Yeah, but I had missed something important: I now capture the current
memory context when you initialise or attach to a SharedTuplestore.
That's the point at which the SharedTuplestoreAccessor is allocated,
and the caller needs to make sure that the right memory context is
active, but now that I hold onto it I can use the same one for future
buffer allocations. Like the code highlighted above. In nodeHash.c I
now make sure that always happens hashtable->hashCxt.

On Wed, Nov 8, 2017 at 4:40 PM, Andres Freund <andres(at)anarazel(dot)de> wrote:
> Hi,
>
> * avoids wasting memory on duplicated hash tables
> * avoids wasting disk space on duplicated batch files
> * avoids wasting CPU executing duplicate subplans
>
> What's the last one referring to?

Erm, I was saying the same thing two different ways (with the
following line). Fixed.

> +static void
> +MultiExecParallelHash(HashState *node)
> +{
>
> + switch (BarrierPhase(build_barrier))
> + {
> + case PHJ_BUILD_ALLOCATING:
> +
> + /*
> + * Either I just allocated the initial hash table in
> + * ExecHashTableCreate(), or someone else is doing that. Either
> + * way, wait for everyone to arrive here so we can proceed, and
> + * then fall through.
> + */
> + BarrierArriveAndWait(build_barrier, WAIT_EVENT_HASH_BUILD_ALLOCATING);
>
> Can you add a /* fallthrough */ comment here? Gcc is warning if you
> don't. While we currently have lotsa other places not having the
> annotation, it seem reasonable to have it in new code.

Fixed all warnings from GCC 7.2 -Wimplicit-fallthrough=3.

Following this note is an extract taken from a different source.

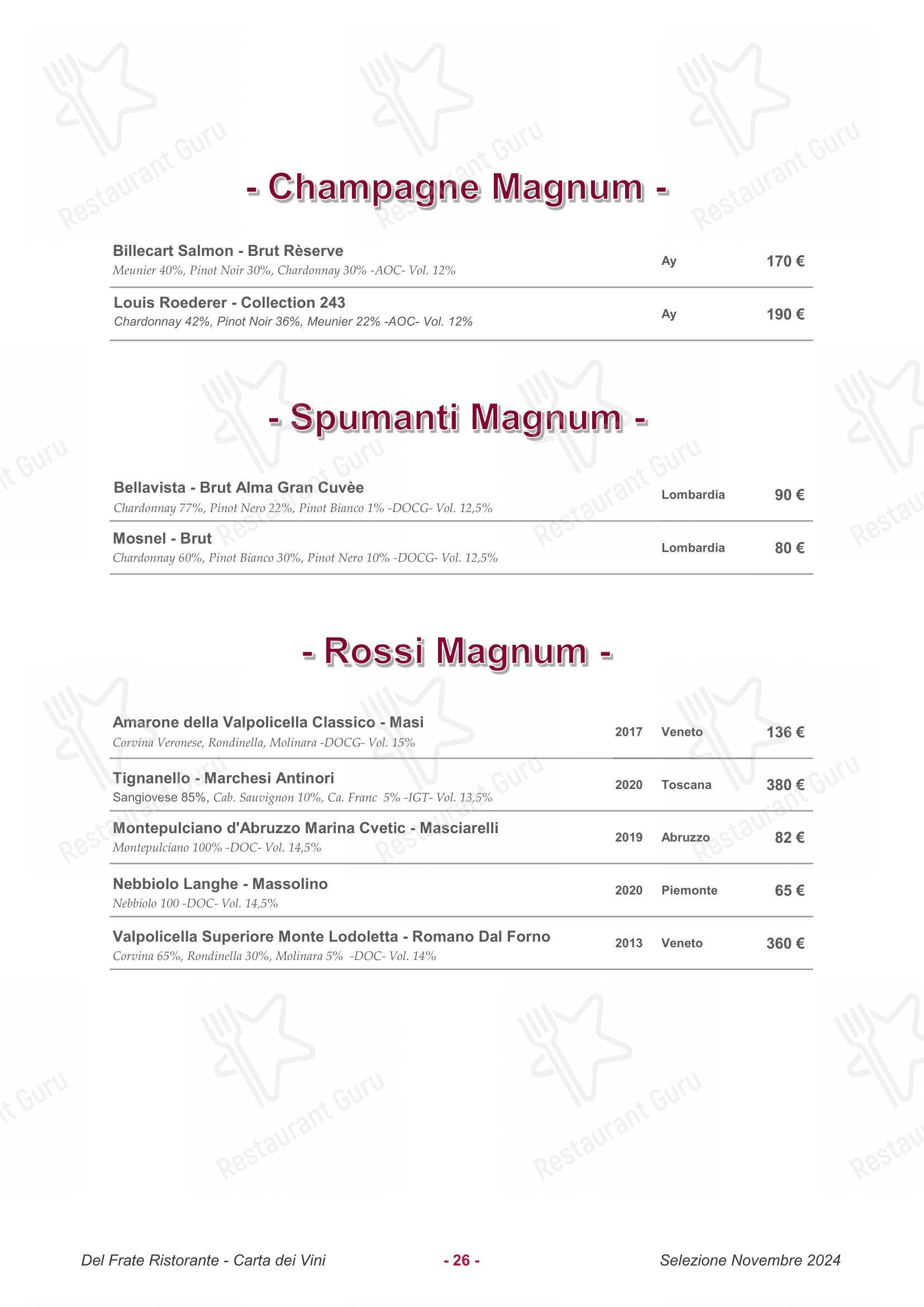 Меню напитков ресторана Ristorante Del Frate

> + case PHJ_BUILD_HASHING_INNER:
> +
> + /*
> + * It's time to begin hashing, or if we just arrived here then
> + * hashing is already underway, so join in that effort. While
> + * hashing we have to be prepared to help increase the number of
> + * batches or buckets at any time, and if we arrived here when
> + * that was already underway we'll have to help complete that work
> + * immediately so that it's safe to access batches and buckets
> + * below.
> + */
> + if (PHJ_GROW_BATCHES_PHASE(BarrierAttach(&pstate->grow_batches_barrier)) !=
> + PHJ_GROW_BATCHES_ELECTING)
> + ExecParallelHashIncreaseNumBatches(hashtable);
> + if (PHJ_GROW_BUCKETS_PHASE(BarrierAttach(&pstate->grow_buckets_barrier)) !=
> + PHJ_GROW_BUCKETS_ELECTING)
> + ExecParallelHashIncreaseNumBuckets(hashtable);
> + ExecParallelHashEnsureBatchAccessors(hashtable);
>
> "accessors" sounds a bit weird for a bunch of pointers, but maybe that's
> just my ESL senses tingling wrongly.

Pointers to ParallelHashJoinBatchAccessor objects. That's where we
keep this backend's pointers into ParallelHashJoinBatch objects and
some other backend-local state. It's a pattern: you have some shared
object of type Foo, and every backend interacting with it will also
need an object of type FooAccessor if a simple pointer to the shared
object isn't enough. If you have a better name than 'Accessor' for
this then I'm all ears.

> /* ----------------------------------------------------------------
> @@ -240,12 +427,15 @@ ExecEndHash(HashState *node)
> * ----------------------------------------------------------------
> */
> HashJoinTable
> -ExecHashTableCreate(Hash *node, List *hashOperators, bool keepNulls)
> +ExecHashTableCreate(HashState *state, List *hashOperators, bool keepNulls)
>
> + /*
> + * Parallel Hash tries to use the combined work_mem of all workers to
> + * avoid the need to batch. If that won't work, it falls back to work_mem
> + * per worker and tries to process batches in parallel.
> + */
>
> One day we're going to need a better approach to this. I have no idea
> how, but this per-node, and now per_node * max_parallelism, approach has
> only implementation simplicity as its benefit.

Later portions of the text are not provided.